Stubsensor is a part of wpfsck that analyzes the English Wikipedia and tries to identify out-of-the-ordinary Stub articles; the software never edits an article, only humans do. Currently statistical analysis and bayesian filtering are being used for improper stub detection.

Contents

Reports

Stubsensor award

For your help with the Stubsensor cleanup project you are given the Stubsensor award.

The coveted stubsensor award is given for bravery, commitment to service, and fearlessness in the face of even the longest stub. For a list of current award holders see the image page. To award the Stubsensor award to another Wikipedian place a message on their talk page and including the following wikicode:

[[Image:Stubsensor award.jpg|200px|frame|right|For your help with the Stubsensor cleanup project you are given the Stubsensor award.]]

Suggestions

Feel free to leave ideas here.

Questions and observations

What happens if an article you come across from this page is really a stub? Is the idea to retag all stubs to something else? - ie. cleanup, expand, unreferenced, etc. Or do we leave stub stubs in the open section? EvokeNZ 01:25, 16 April 2007 (UTC)

What is the current status of the stubsensor project? Is it dead, or just on hiatus?

Here are a couple of stub observations that I've made as I've tried to organize things for the Southern California WikiProject: 1) In looking at the local radio stations, all of them had {{US-bcast-stub}}, but at least a quarter of them were large enough that they didn't need it. 2) In looking at the User:Rambot-created articles on cities and communities, almost all of them did NOT have a stub template, although somewhere between 1/2 and 2/3rds of them had less than 10 sentences that were not created by Rambot and therefore probably should have {{california-geo-stub}}. BlankVerse 15:55, 2 August 2005 (UTC)

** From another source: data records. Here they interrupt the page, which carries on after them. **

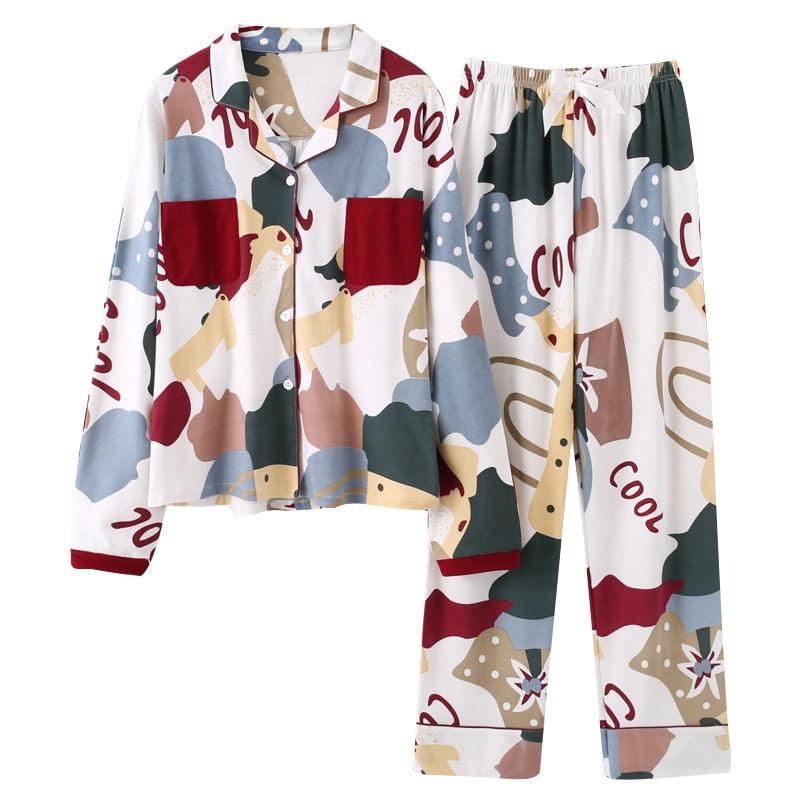 New Autumn Winter Sleepwear 2 Piece Sets - Women's Cotton Pajamas Turn-down Collar Set (ZP1)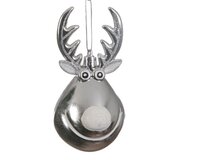 Rendier kunststof hang 11.5 cm zilver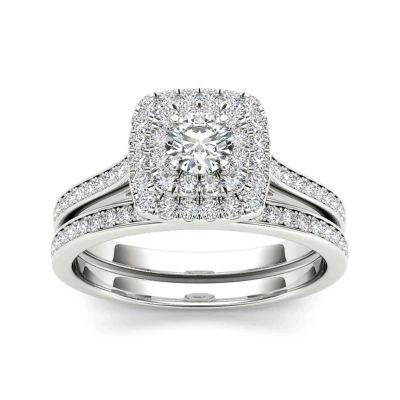 3/4 CT.T.W. Natural Diamond Halo 10K White Gold Bridal Ring Set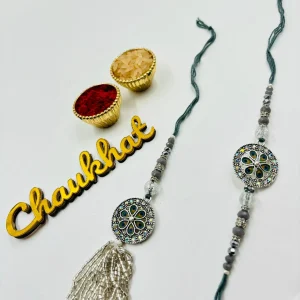 Designer Bhaiya Bhabhi Rakhi Combo with Beaded Work for Raksha Bandhan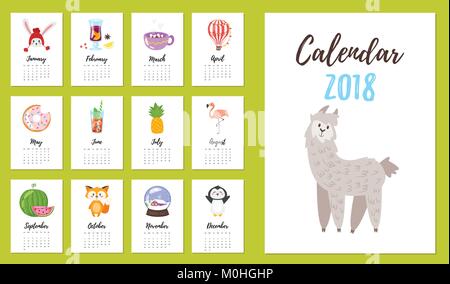 2018 anno di calendario Illustrazione Vettoriale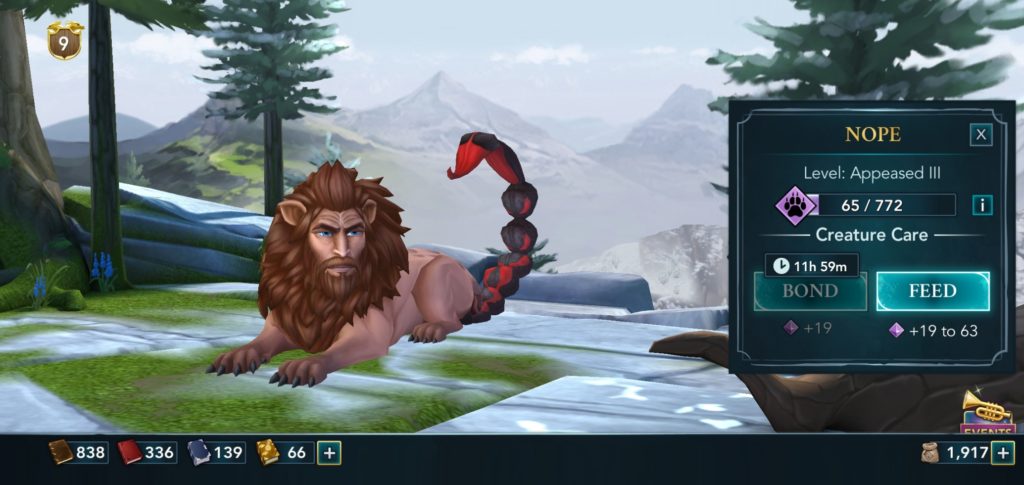 Pictured is a manticore named NOPE in "Hogwarts Mystery".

Stubsensor is going strong; its been integrated into wpfsck and the next cleanup project will be organized shortly after the coresponding database dump. Can you create a list of the articles you are referring to? I'll go through the list manually and tidy things up; the new stubsensor runs off statistical analysis of the entire Wikipedia. If I can get those articles cleaned up before the next database the stubsensor should be even more accurate. Triddle 01:00, August 3, 2005 (UTC)
For all the LA-area radio stations, I've already gone and removed {{US-bcast-stub}} from the largest articles, but left it on the borderline articles that I know can be greatly expanded. I haven't yet looked at the San Diego-area radio stations, but I assume that I will probably find similar statistics—the broadcast stub on almost all of them, with a fair number of them already grown beyond stub size. The radio stubs are probably a big problem for the stub sensor since most (~80%) have infoboxes and other miscellaneam which will inflate their size. You can find the rest of the articles with {{US-bcast-stub}} at Category:United States broadcasting stubs.
As for the Rambot-generated articles, there are roughly 140 cities in the Los Angeles county, roughly 60 unincorporated communities, and at least 250 districts and neighborhoods within the City of Los Angeles (although not all of them have articles yet). You can see my worksheet at [[1]]. BlankVerse 06:27, 3 August 2005 (UTC)
Hello, the edit summary volunteers are asked to use when they destub an article: "Stubsensor cleanup project; you can help!" doesn't mention that the article was, umm, destubbed. What about changing it to something like "Destubbed by a volunteer from the Stubsensor cleanup project; you can help!".S Sepp 20:39, 29 April 2007 (UTC)